#### Task item
Omit every picture, then return the listing verbatim.

#### Data shown
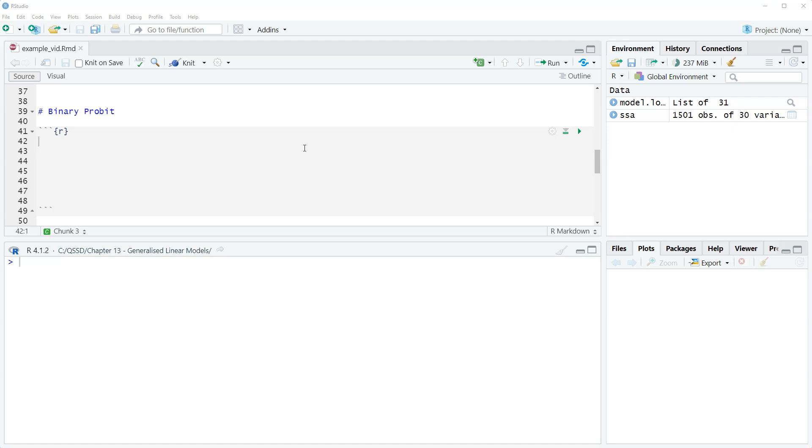Another difference is that with binary probit, we can only do interpretations based on predictive probabilities. Or maybe not only, but that's what we're going to use. We can't use odds ratios.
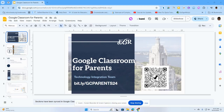Hi, my name is Felicia Gath. I'm a part of the Instructional Technology team here in East Baton Rouge Parish School System. And today I'm going to show you how to create a QR code.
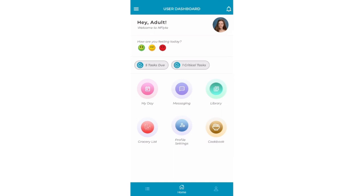This InFlight tutorial will show how to use the grocery list, document library, and messaging features in the user's mobile app. These are all shared features with the web-based parent portal, so you can work together on daily tasks.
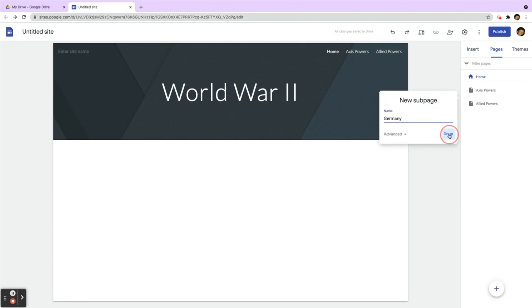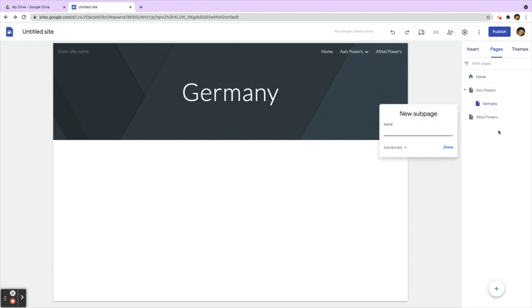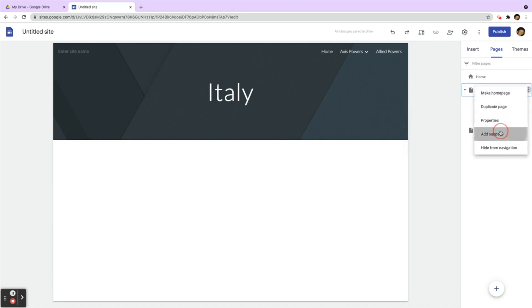One for Germany, one for Italy, and one for Japan.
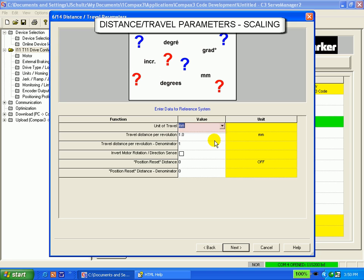The next two rows set up the ratio of the motor revolutions to the load distance. It is a numerator-denominator relationship.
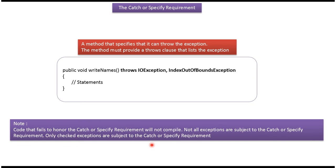And this is about the catch or specify requirement. Thanks for watching.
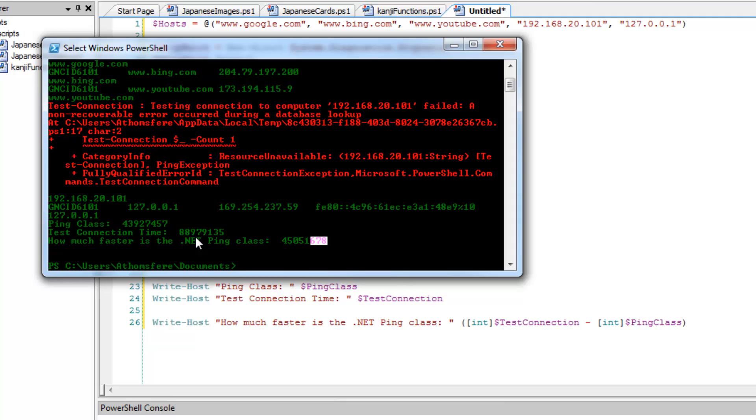So I think if you don't need the extra power that the test connection gives you, just the .NET class for the ping might really be the better way to go.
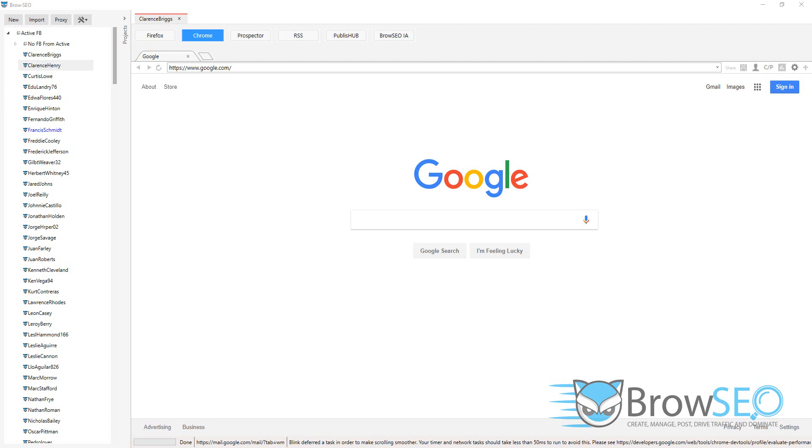You clicked on the Chrome module and that's a paid feature. If you want to find out more about all of Browseo's paid features, click the link in the description and make sure you subscribe to the channel while you're here to stay in the loop.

#### Expected answer
Another difference is that with binary probit, we can only do interpretations based on predictive probabilities. Or maybe not only, but that's what we're going to use. We can't use odds ratios.
Hi, my name is Felicia Gath. I'm a part of the Instructional Technology team here in East Baton Rouge Parish School System. And today I'm going to show you how to create a QR code.
This InFlight tutorial will show how to use the grocery list, document library, and messaging features in the user's mobile app. These are all shared features with the web-based parent portal, so you can work together on daily tasks.
One for Germany, one for Italy, and one for Japan.
The next two rows set up the ratio of the motor revolutions to the load distance. It is a numerator-denominator relationship.
And this is about the catch or specify requirement. Thanks for watching.
So I think if you don't need the extra power that the test connection gives you, just the .NET class for the ping might really be the better way to go.
You clicked on the Chrome module and that's a paid feature. If you want to find out more about all of Browseo's paid features, click the link in the description and make sure you subscribe to the channel while you're here to stay in the loop.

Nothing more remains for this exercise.